We strive to understand and adapt spiritualism in line with the principles of historical materialism. Meaning we have to analyse the material conditions that are the foundations of any belief system and understand the historical context from its inception. Nothing is free from its historical context, including our own beliefs. 

3. Immanentism (สภาวะในโลก) 

We strive to separate the capitalist state, the law, and abstract morality, as not commandments from the divine. Our current beliefs, your current beliefs, are the cumulative experience and development of all human learning and social engagement over millenniums. It was made by two human hands, our contexts determine human belief, not some divine power. Thus, we can not claim that any system of values can transcend beyond our collective perception or practice. Any value or belief is not absolute, even if it is true within its own context. Any future values should be agreed upon by those in that specific community or context, not to differ or refer this power to some divine right, including that of the state of past generations.

4. Customicism (คัสตอมมิคซิสม์) 

We strive to recognise that no one and nothing will ever be free from their own context. Our political and spiritual tools have to be critiqued and developed to suit the place and time in which they are practised. We must become proud revisionists. We must place primary importance on the historical materialist conditions more than the abstract truths of any doctrine, be it spiritual or political.

5. Collectivism (คอลเลคทีฟวิสม์) 

We strive to become selfless. If we think of the commonalities between different religious ideologies, we see one overlapping value. To decrease egoism and even the redistribution of capital. Decreasing selfishness and supporting others. This drive towards selflessness is a reflection of the inner human desire to have the commune, a place where people are at home, where they feel acceptance, aid, and solidarity. Capitalism and the elite have sought to destroy this dream of commune’ism from humanity. So all that is left is only individualism. This is what leads to alienation sickness. Our spiritual target should be to come together to commune

6. Psychosocial (จิตวิทยาสังคม) 

We strive to address mental and spiritual health, to utilise spirituality as a practice of healing and to strengthen our comradeship through our collective consciousness. The predominant practice of mainstream psychology and religious practice has overlooked the socio-economic conditions that deeply affect the human psyche. This leads to mental illness being viewed as the responsibility of the individual, that we alone have to remedy. This is blamed on internal pathologies or chemical imbalances. This understanding is pure delusion and clouds us from seeing the root material cause of this suffering. If the tap water in one city has been poisoned, the solution should not be dependent on each individual person to buy the antidote.

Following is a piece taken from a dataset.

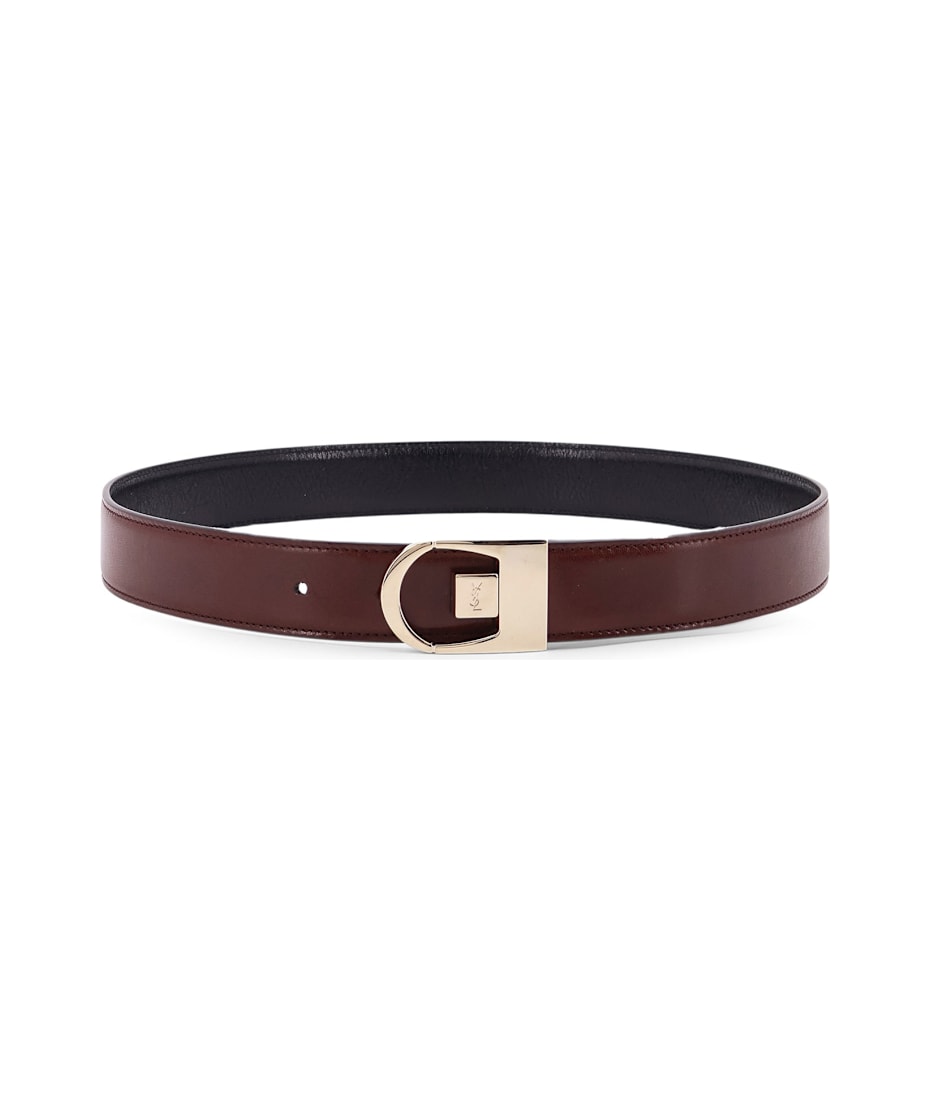 ベルト SAINT LAURENT Brown Leather Reversible Belt Saint Laurent Ceinture Reversible Belt in Vegetal Brown
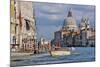 Taxi and Boat on Grand Canal with Palace Facades and Salute Church Domes-Guy Thouvenin-Mounted Photographic Print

I believe that the day of the revolution was not on the day that the Bastille was destroyed.

It was not the day that Lenin read the manifesto in Petrograd.

It was not the day 27/06/1932 in Thailand.

The flowers of any plant can not sprout without their roots and stems.

The beginning of the revolution is not the day that the old system is destroyed.

It is the day that the seeds for establishing a new system have been sown.